Speaking of the calendar, I used a real-world calendar of Switzerland generated on timeanddate.com. We began to play in 1525, which I picked for its political climate and technology level. Early reformation, Italian Wars, it all felt right. I learned from correspondence with Melan that he had a late sixteenth-century timeframe in mind while writing the module. But that’s nitpicking.
For each session, I would just mark off the date of the expedition. That made it easy to determine when upkeep was due. We use the rule in the original game: 1% of XP in gold each in-game month. Since all characters live in Google Sheets, it was trivial for me to create an auto-updating tally of XP for the entire stable of characters. Upkeep is just paid as a lump sum for the whole company.
Town events
Tours-en-Savoy has quite a few events that trigger on an n-in-6 chance. The thing is, I want players’ encountering these to be independent of them actively stating their visit to a particular location. Instead, I assume they make the rounds during the week or more between expeditions and encounter anything prompted by those probabilities.

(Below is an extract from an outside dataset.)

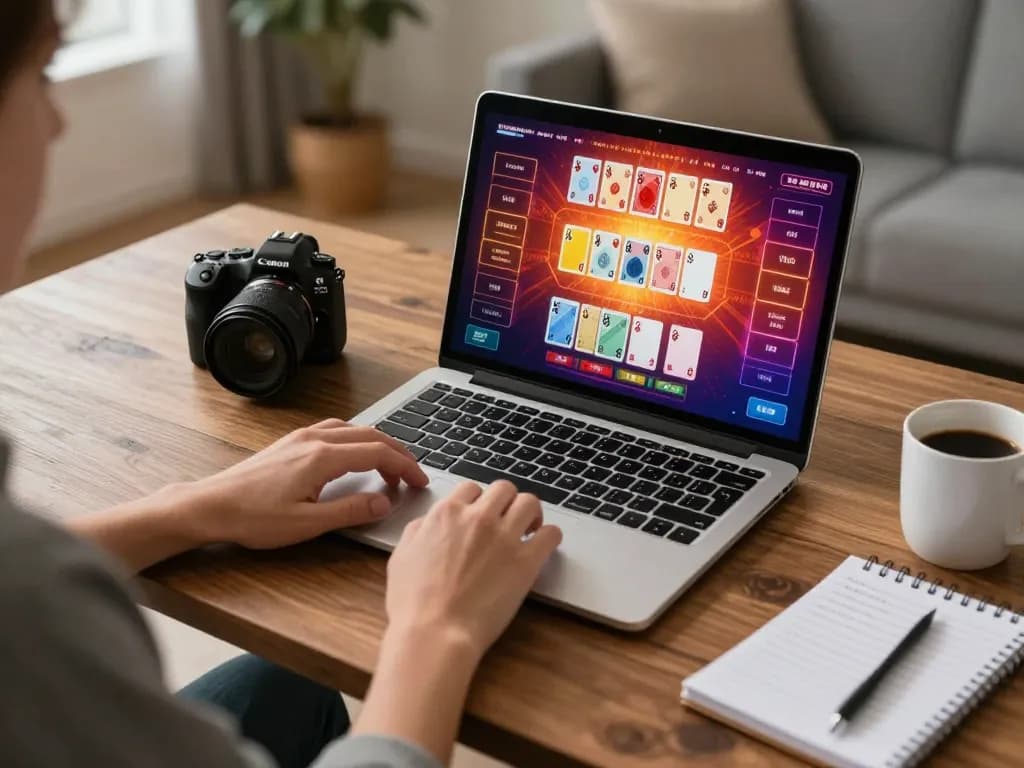 Play blackjack online with du88 in a cozy home setting, focusing on strategic gameplay and vibrant visuals.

To streamline it all and move most of it into the time between sessions, I created a Google Sheet that does all the die rolls in one go. It spits out a copy-paste-able bit of text I can massage ever so slightly where needed and post in our Discord server’s #downtime channel.

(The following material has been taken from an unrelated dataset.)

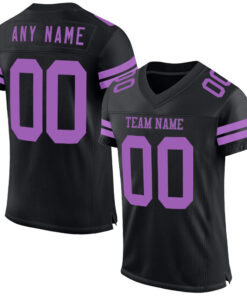 Custom Black Medium Purple Mesh Authentic Football Jersey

To make this work, I copied over the random curios table from the book, the treasury, and the rumor mill. For potions, I went with the Swords & Wizardry Core list and adjusted the costs based on the price of a healing potion in Castle Xyntillan. I also add in the available retainers (see below).
After posting the week’s downtime update, players can act on things over chat in Discord or wait until the next session. We handle things in the first 20-30 minutes of the session before moving on to the dungeon delve proper.
Retainers
Castle Xyntillan contains an ingenious rules module for retainers published initially in Beyond Fomalhaut #1, called “Morale & Men.” However, the procedure for determining the availability of retainers is quite involved, requiring many die rolls. Dreading the idea of doing this at the table, I once again converted it into a Google Sheet that produces a bit of copy-paste-able text. As a bonus, I also created a generator for the specific retainers’ names, loyalty scores, and quirk (which uses the table taken from the book). For names, I went with some pseudo-Swiss names pulled from fantasynamegenerators.com.

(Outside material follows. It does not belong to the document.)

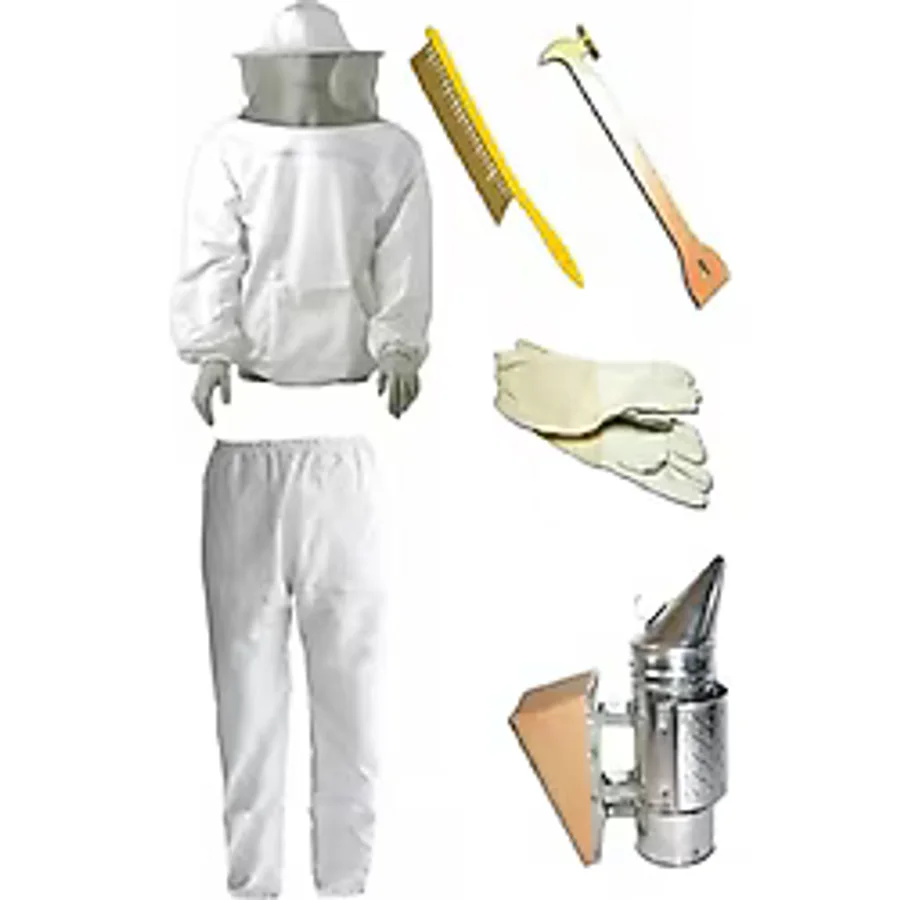ATARLAR Arıcılık Malzemeleri 6'lı set (Maske+Pantolon+Eldiven+körük+fırça+el demiri)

I simply re-roll availability for each session. The only wrinkle I added was to roll with “disadvantage” if retainers had been killed in the previous expedition to reflect the bad reputation the company had acquired. Retainers who had been hired on the last outing and did survive would be automatically available again for the next one.
Downtime actions
To make the town more gameable, I created a one-page summary I screen share with players as a kind of menu at the beginning of each session. This removes the need to go through an involved sequence of roleplaying every session.
It includes buying equipment, hiring retainers, carousing, healing, and getting rumors. It also covers the identification and purchasing of potions and magic items in more detail.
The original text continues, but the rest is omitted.